Study material Block Start

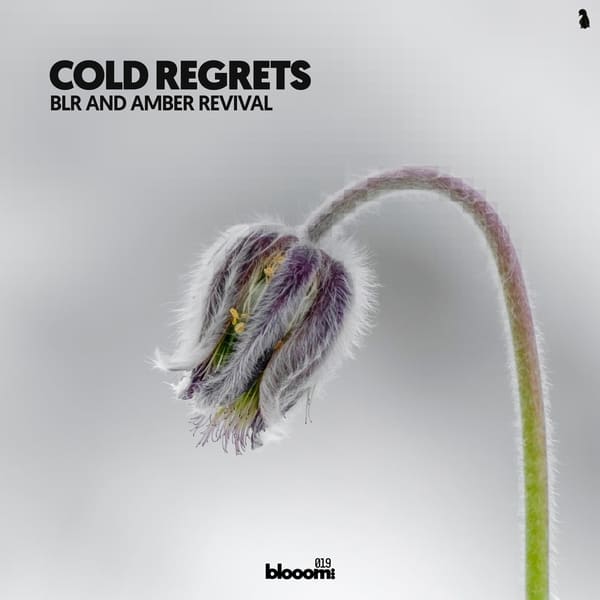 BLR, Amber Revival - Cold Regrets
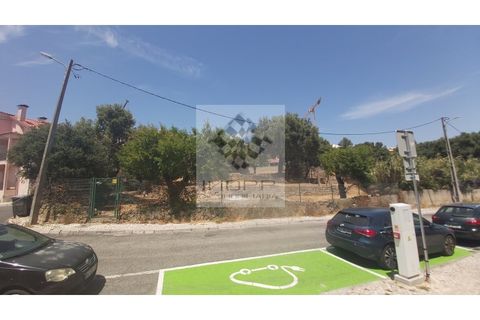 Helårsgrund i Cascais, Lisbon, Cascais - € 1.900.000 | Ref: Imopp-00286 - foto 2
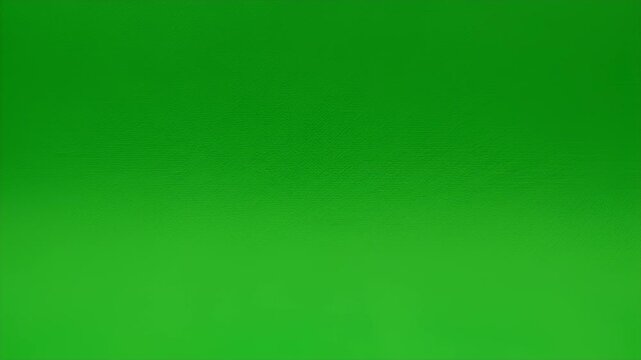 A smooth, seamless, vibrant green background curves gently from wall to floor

Study material Block End
Study material Block Start

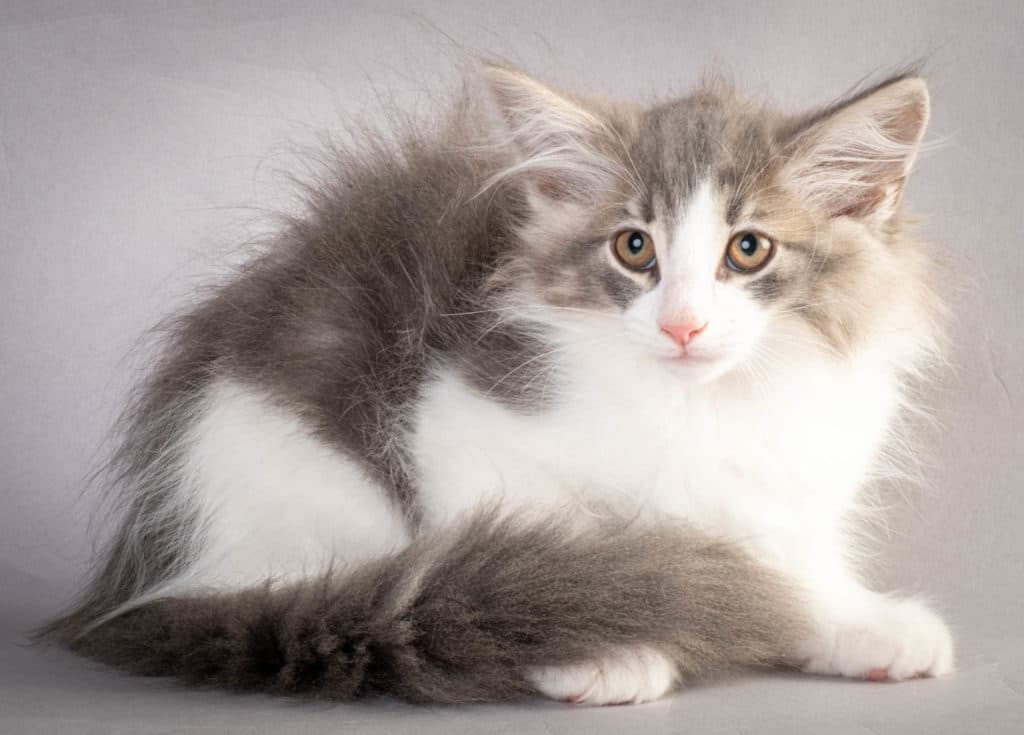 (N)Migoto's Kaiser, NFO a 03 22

Study material Block End
Study material Block Start

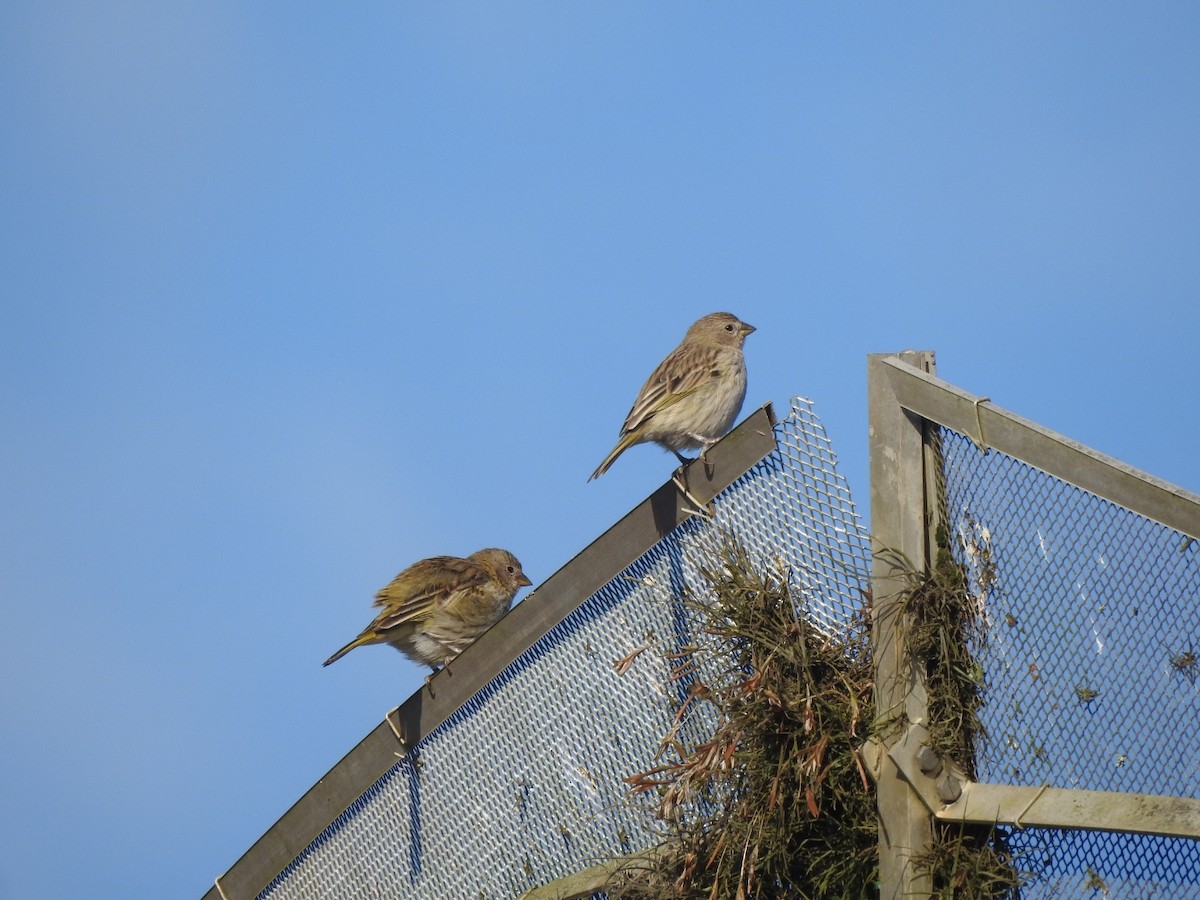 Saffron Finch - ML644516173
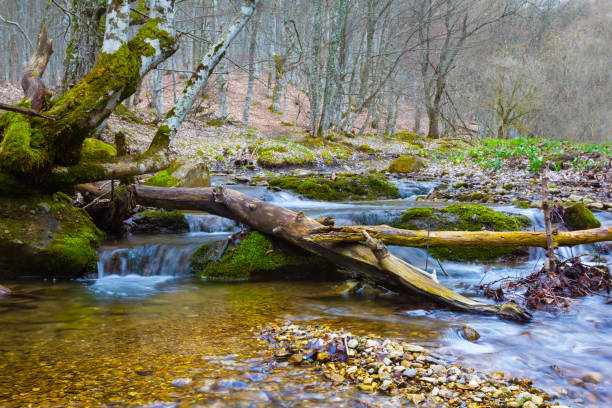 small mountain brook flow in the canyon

Study material Block End

Work task: Those lines of the records above that run from the one containing "BLR, Amber Revival - Cold Regrets" through the one containing "A smooth, seamless, vibrant" should be returned exactly, with no pictures among them.

Your solution:
 BLR, Amber Revival - Cold Regrets
 Helårsgrund i Cascais, Lisbon, Cascais - € 1.900.000 | Ref: Imopp-00286 - foto 2
 A smooth, seamless, vibrant green background curves gently from wall to floor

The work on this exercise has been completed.